Where the line containing "Brown Dog Mascot Costume for Sports Events Brown" appears below, start there and repeat each line exactly to the end. Leave the pictures out.
====== Data for processing
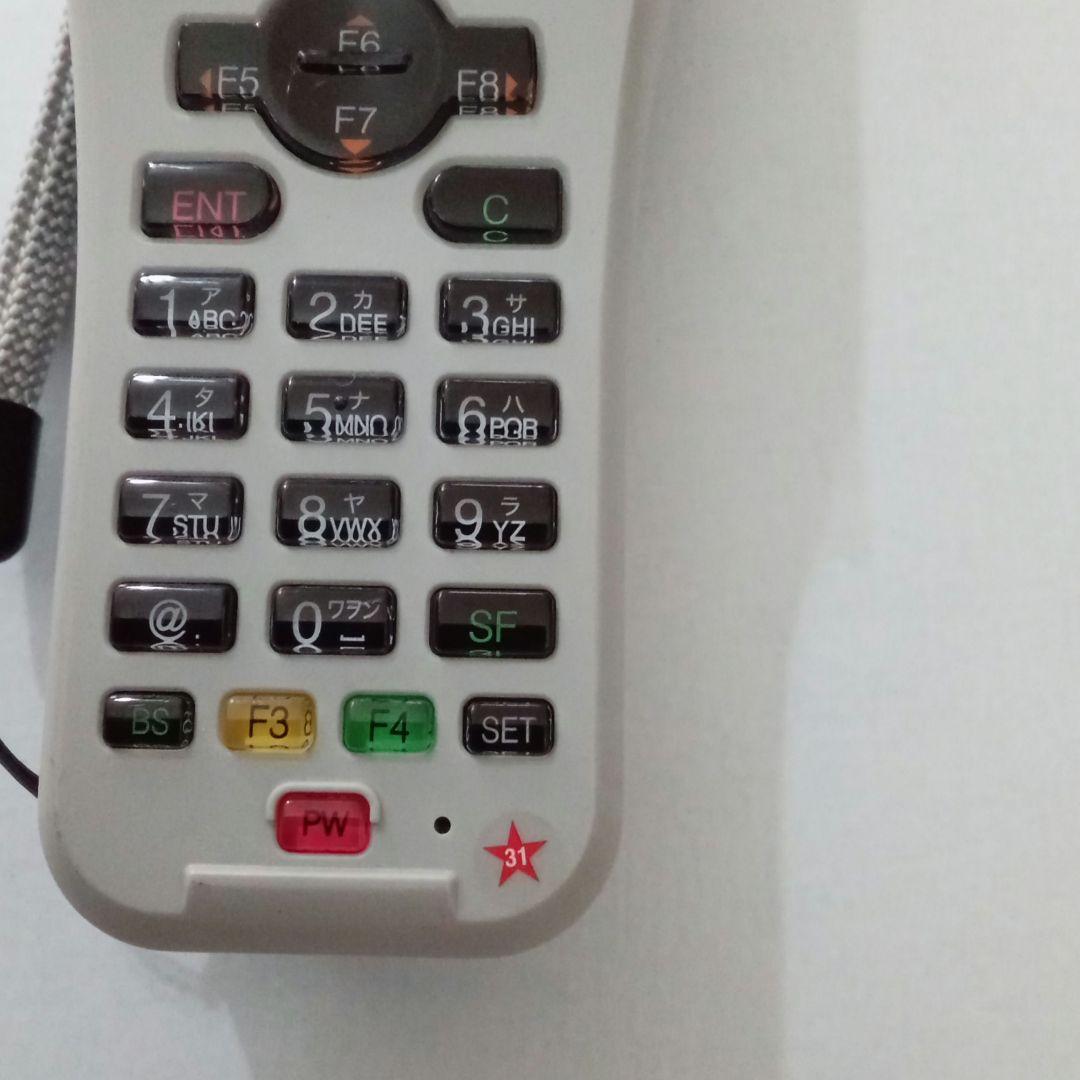 【美品】Welcat ハンディターミナル XIT-300-M（本体のみ）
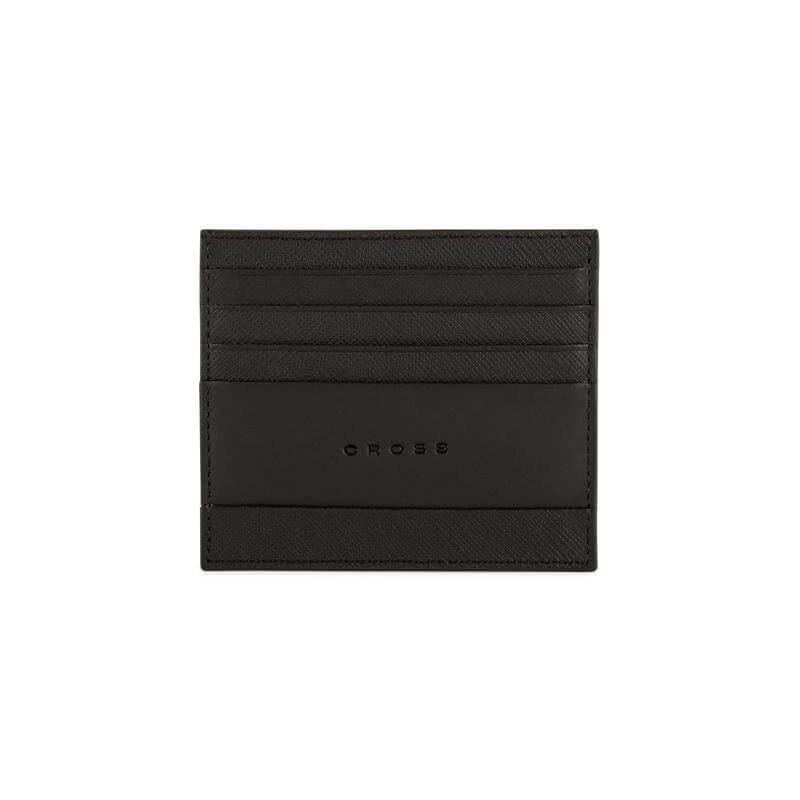 Cross Calais™ Ballpoint Pen with Notebook and Cardholder Gift Set - Black — view 7 — MaxPrint Dubai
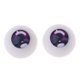 thumbnail image 2 of Seguridad Ojos De 18 Mm Ojos Acrílicos Para 1/3 BJD Night Lolita Doll Purple # 2, 2 of 5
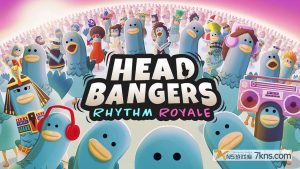 【美版】摇头鸽:节奏大逃杀 .Headbangers: Rhythm Royale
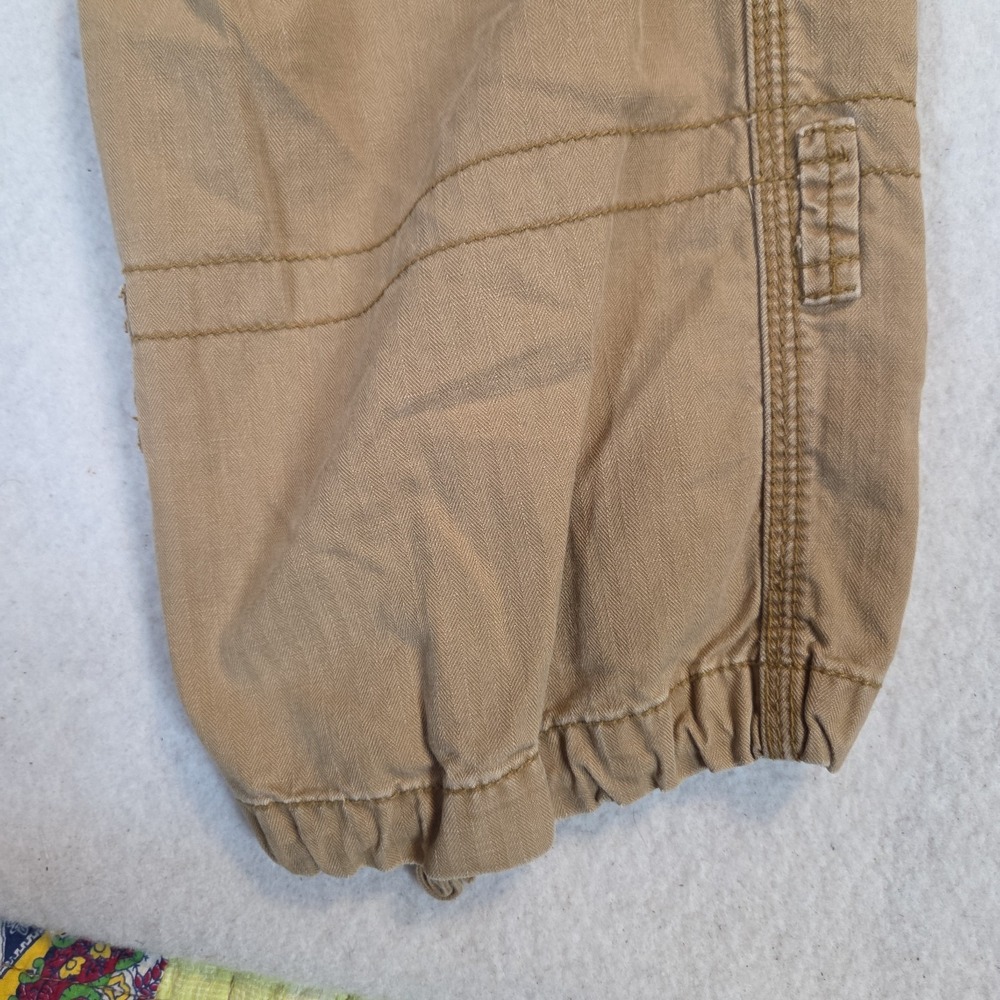 Vintage Polo Ralph Lauren Men's Cargo Pants Khaki RL-067 Utility Surplus- 33/30 - Picture 10 of 16
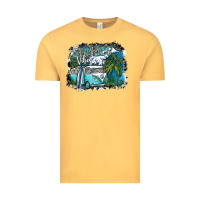 Vintage Mustard summer vibes Vintage Tee - SublimationCraftShop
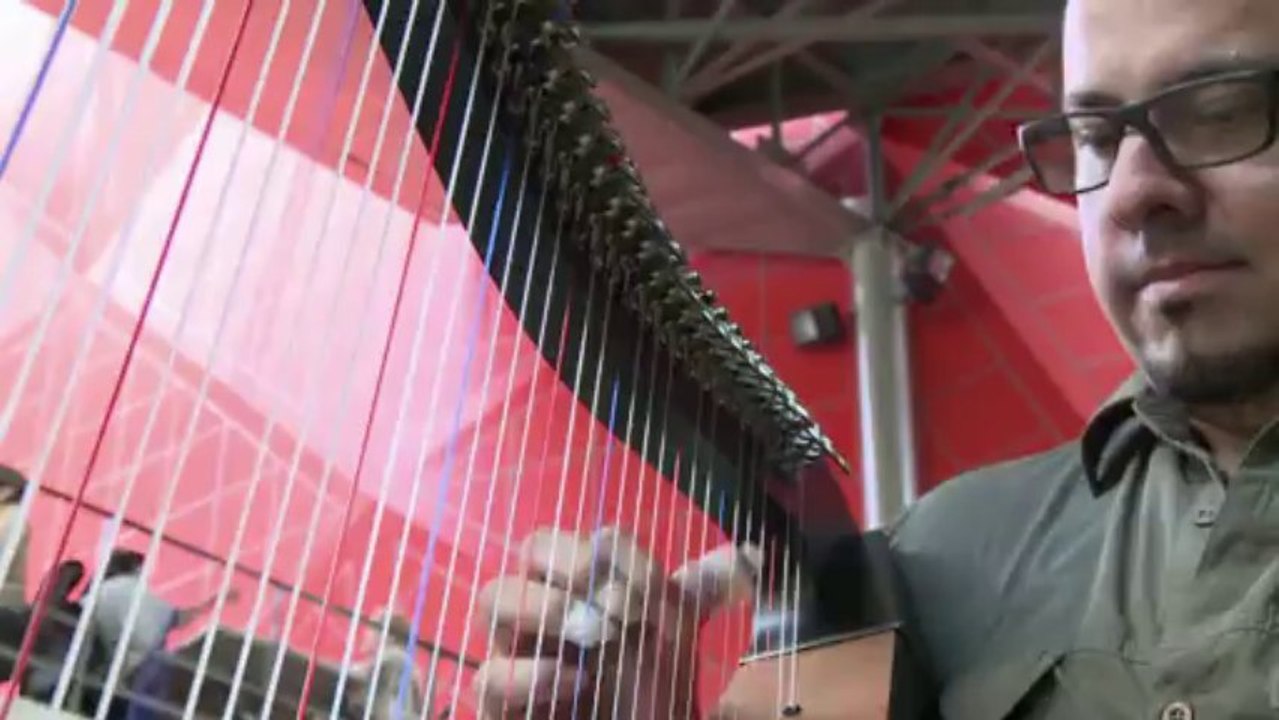 Le joropo, la danse à la mode au Venezuela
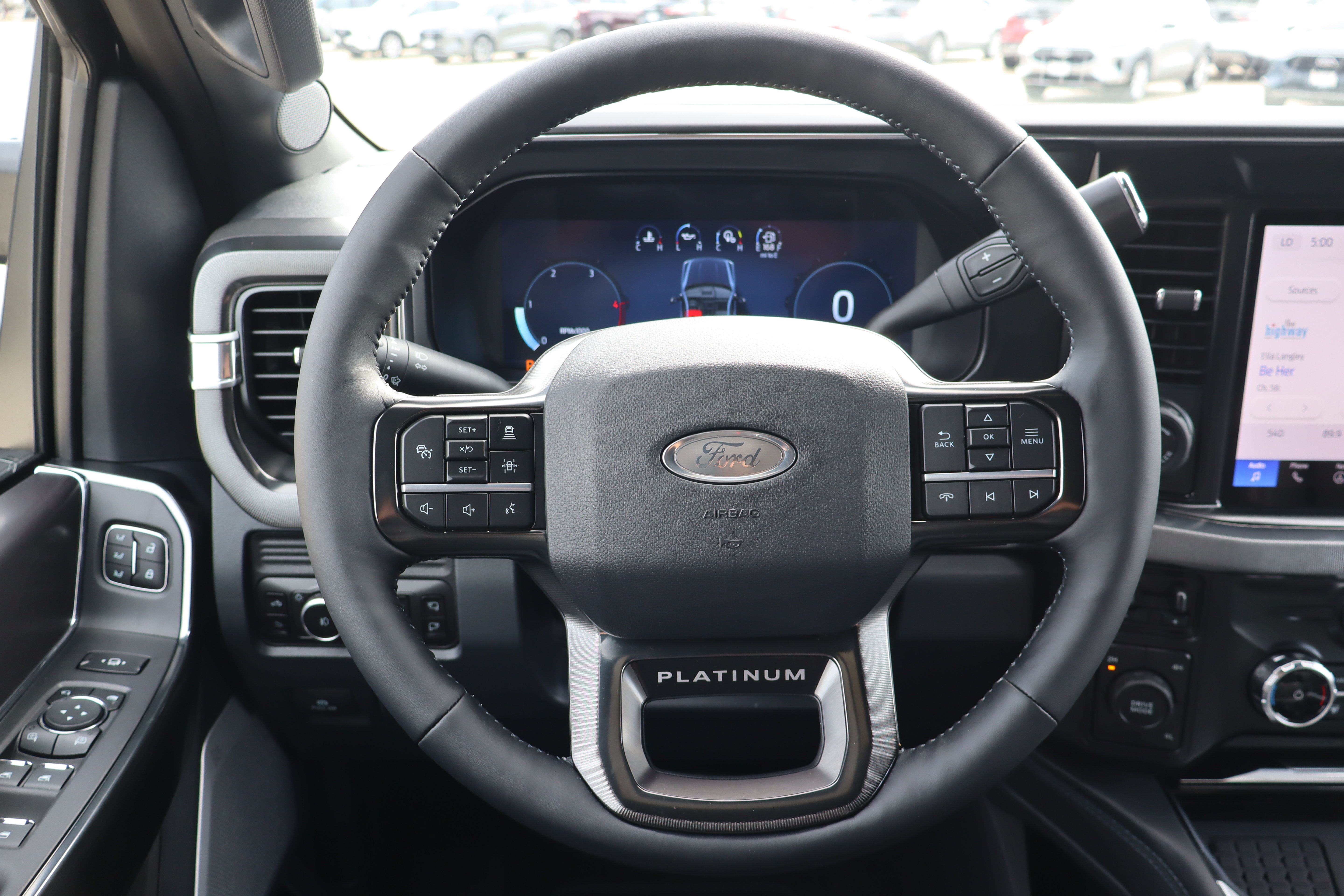 New 2026 Ford F350 Platinum AWD/4WD image 14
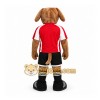 Brown Dog Mascot Costume for Sports Events Brown Dog Mascot Costume for Sports Events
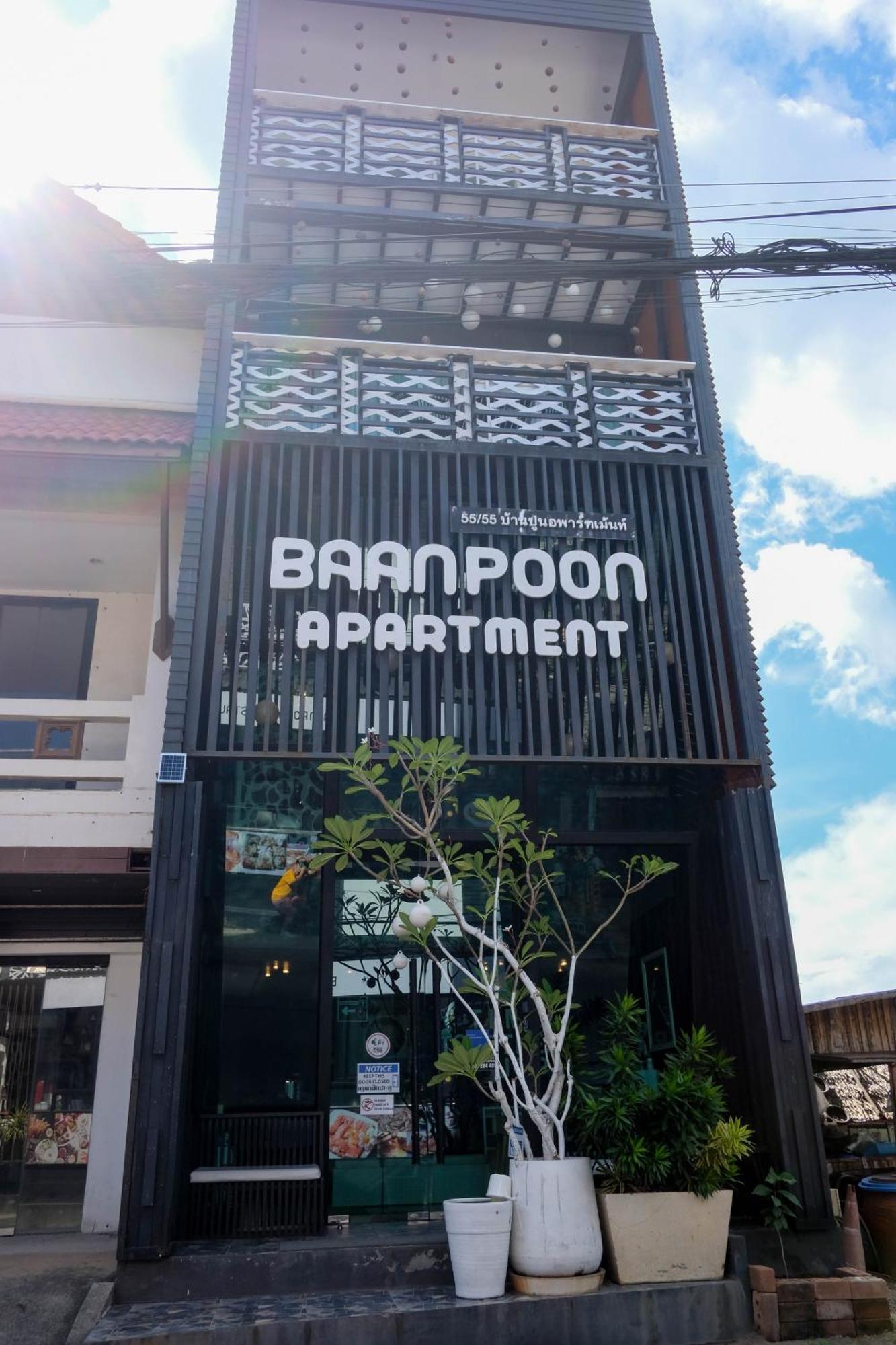 Baanpoon Apartment Chaweng Plajı Dış mekan fotoğraf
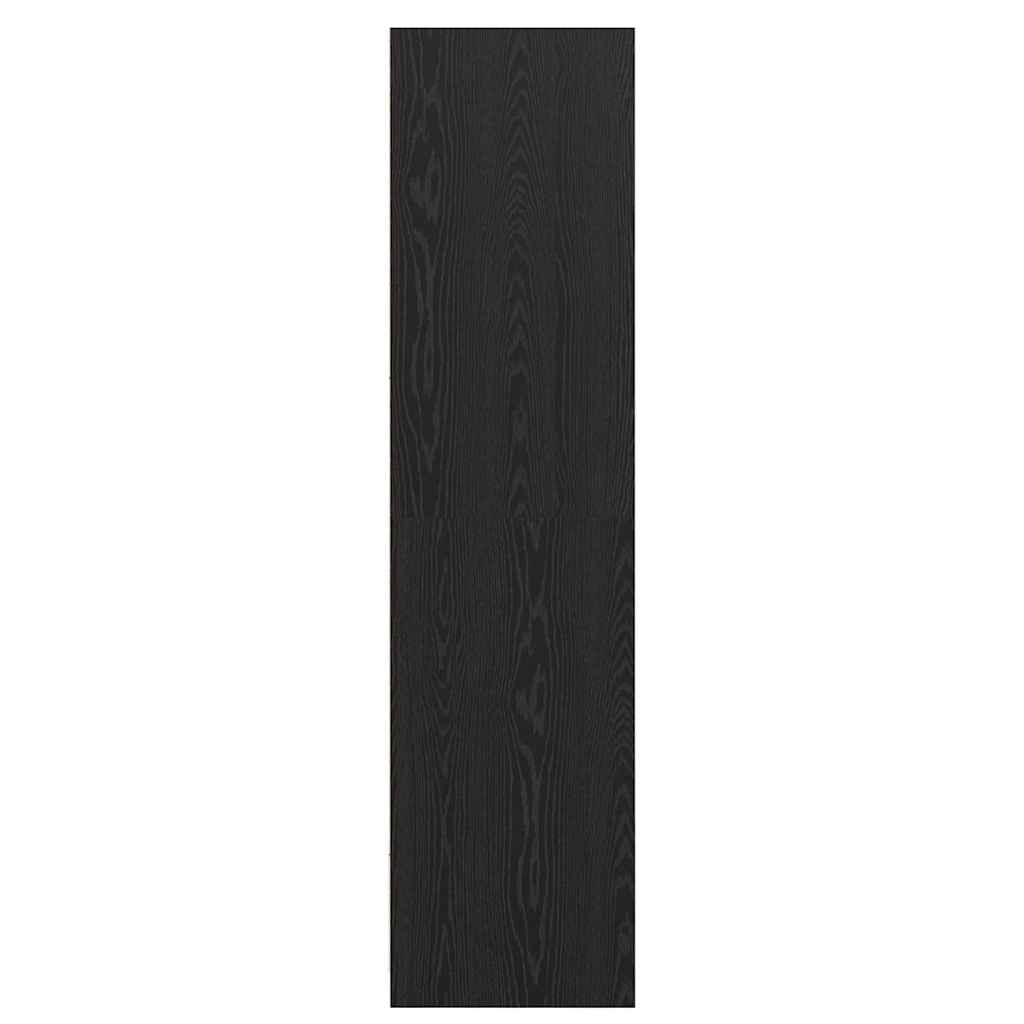Šatní Skříň Černý Dub 50 X 30 X 200 Cm Kompozitní Dřevo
============
Task solution:
 Brown Dog Mascot Costume for Sports Events Brown Dog Mascot Costume for Sports Events
 Baanpoon Apartment Chaweng Plajı Dış mekan fotoğraf
Šatní Skříň Černý Dub 50 X 30 X 200 Cm Kompozitní Dřevo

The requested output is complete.